Living in Two Worlds

Few humans are truly atheists. Most are believers; not necessarily members of a particular faith tradition, but convinced that there is more to life than can be explained by human activity. Consequently, they believe that they are citizens of two worlds: one secular, one sacred.

Early humans believed that what made the world sacred was its ability to imitate its divine patron. And since the sacred world imitated its creator, the secular world of humans should do no less. Rituals were an imitation of the divine behavior of creating the world. When these early husbands and wives had intercourse and when these early farmers plowed and planted their fields, they were re-enacting the moment when their divine patrons created the world. Intercourse and farming were rituals which imitated divine behavior.

The Body as a Microcosm

Early humans turned every action into a ritual. Everything they did imitated something their divine patrons had done. They linked each part of the human body with some part of the world. The world was the macrocosm, the human body was a microcosm -- a model of the world. The head was the sun, breath was the wind, bones were stones and hair was grass. The rituals for these parts of the body imitated the actions of their cosmic partners. For example, the ritual for laying down the human head in the Egypt of the pharaohs was sunset, and for raising the head was sunrise. The Egyptian pillow was a stand like the base of the hieroglyph for life. As long as the sun rose and set, the land of Egypt was alive. As long as humans slept and rose, the people of Egypt were alive.

The House as a Microcosm

Early humans not only considered their bodies to be microcosms, they also considered their houses to be worlds in miniature. Building a house was creating a world. Every part of their houses corresponded to a part of the world, and to a part of the human body. Their houses had eyes and legs. Their roofs were heaven, their floors were earth. Their rituals taught them to live in their bodies the way they lived in their houses, and the way they lived in their world.
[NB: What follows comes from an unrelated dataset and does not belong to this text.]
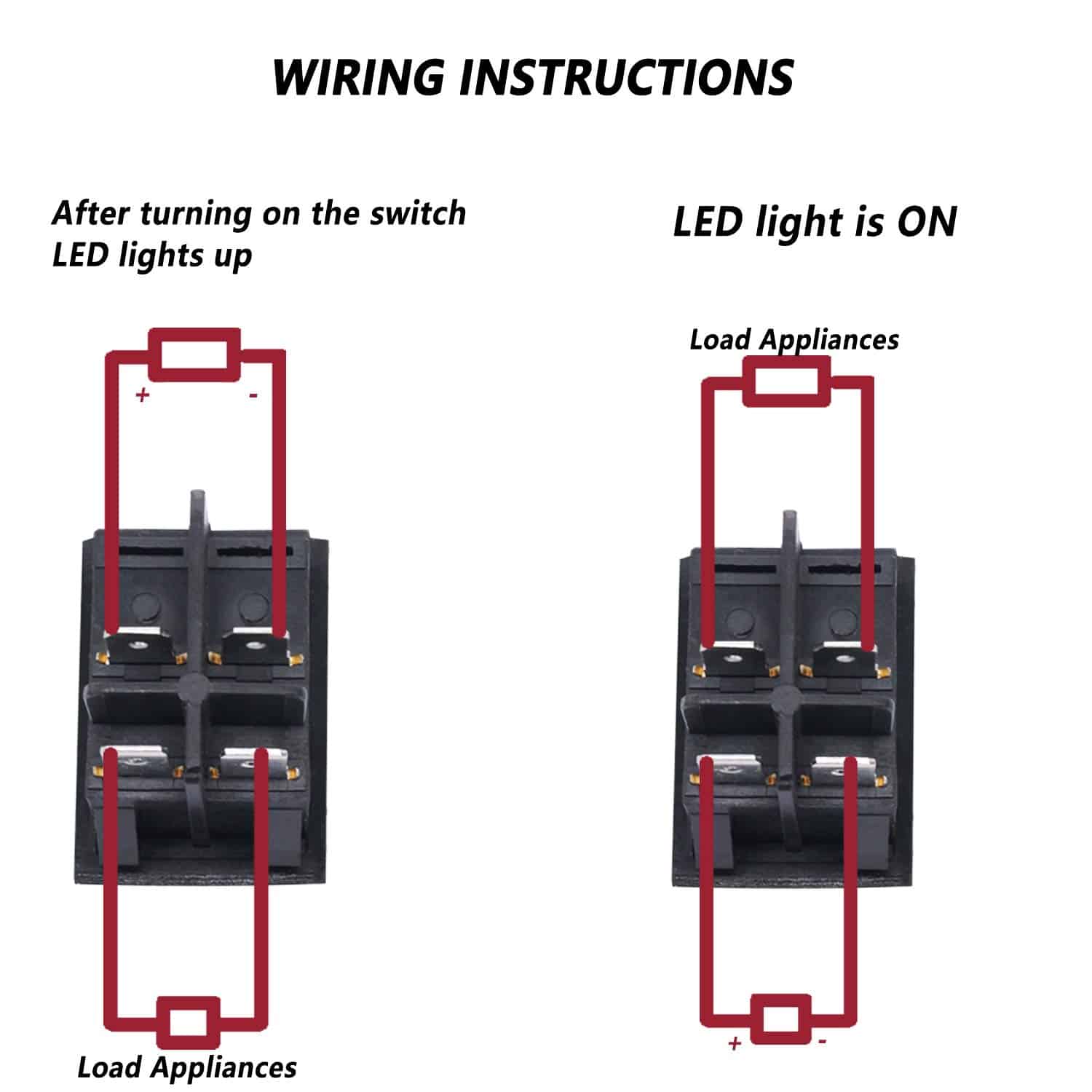 AC Switch ON/OFF 4Pin With Light (KCD4) Red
Their rituals linked the secular to the sacred, the human to the divine. They positioned them to travel from the secular world to the sacred world. Rituals are openings, Òwindows, doors, eyesÓ between one world and the other.
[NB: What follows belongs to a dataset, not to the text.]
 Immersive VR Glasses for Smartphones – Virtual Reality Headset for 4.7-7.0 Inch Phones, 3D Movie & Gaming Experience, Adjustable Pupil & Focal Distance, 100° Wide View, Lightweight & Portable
Human Life as a Passage, a Journey, a Pilgrimage

Early humans viewed human life as a series of passages: from unborn to born, from childhood to adulthood, from unmarried to married, from inexperience to maturity, from this life to the afterlife. Each threshold was marked by a bridge or a gate. Rituals taught early humans how to successfully cross these bridges or open these gates or complete their journeys or pilgrimages. Their rituals coached or trained them to endure the pain or labor necessary to journey or pilgrimage from the secular to the sacred, from one way of living to another. Early humans considered their two most important journeys not to be the journeys of birth, marriage and death, but rather the passage from childhood to adulthood and the passage from inexperience to maturity.
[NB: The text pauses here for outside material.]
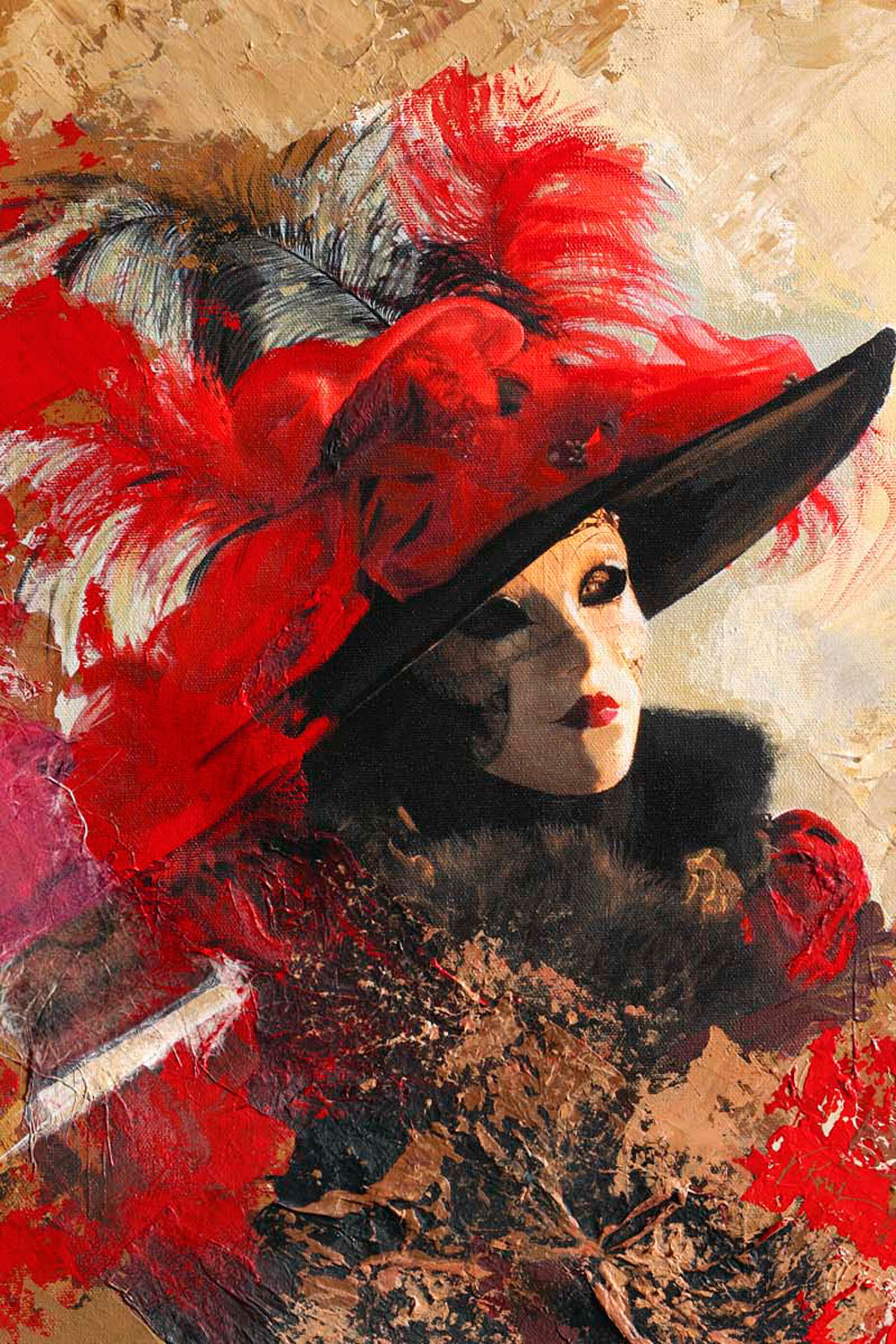 Red Feather Hat Mixed Media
The world view of early humans taught that all humans make the journey from childhood to adulthood, but only a few make the passage into communities whose common bond was the experience of surviving infertility or learning to hunt a dangerous animal. Their rituals taught them how to successfully achieve rebirth, to be born again from death to life, from fear to courage.

Life experienced through the birth of a child, and death experienced though the killing of an animal are the two most important parts of the rituals of early humans. In traditional cultures, childbirth and hunting or sacrifice were the actions which best imitated the actions of their divine patrons creating. In life and death humans were most divine. Rituals taught early humans how to lay down their lives so that others may live, just as their divine patrons laid down their lives to create them.

Early humans who achieved the maturity, which only life and death can bring, often mark their bodies with scars or tattoos. These were the decorations of those who have been born again.

Sacred and Secular Today

Culturally diverse societies like those in Europe and North America have, at least legally, privatized ritual. By legally separating religion and public life, culturally diverse societies expect their citizens to make their own way to maturity. Many do. Many do not. The task of harmonizing the secular world of human beings with the sacred world of their divine patrons is not the task of a single person, or a task which can be accomplished in a single lifetime. Consequently, people who live in culturally diverse societies suffer from greater dysfunction than those who live in traditional societies. Freedom is a difficult discipline.

Nonetheless, human beings are survivors, and the citizens of culturally diverse societies are not exception. Many families and individuals faithfully hand on the rituals of their faith tradition or culture of origin. But even those with little ethnicity or without a faith tradition find remarkably successful ways to harmonize their lives, to open doors and cross bridges to larger worlds of experience and consciousness. New rituals emerge through which even the most secularized human beings come to know life and death, and from that knowledge live quite happily, and quite humbly not only in the sophisticated world which humans create, but also in another world which they did not.

Discussion Questions

Why do males pay for their dates dinner? How and why has this changed?
Why do we light candles on our birthdays?
Why do we follow etiquette when eating?
Why do Buddhists burn incense while praying?
Why do we make so much noise at the New Year?
Why do we hunt Easter eggs?
Why do need a ritual to fall asleep?
Why do golfers wear bright pants, plaid shirts and wing-tipped shoes?
Why do we cut and decorate an evergreen at Christmas?
Why do we eat round cookies at the Middle Autumn Festival?
Why did we throw rice at weddings, until it became bad for the birds?
Why do we sing Auld Lang Syne at New Year?
Why do we put our hand over our heart when we sing the National Anthem?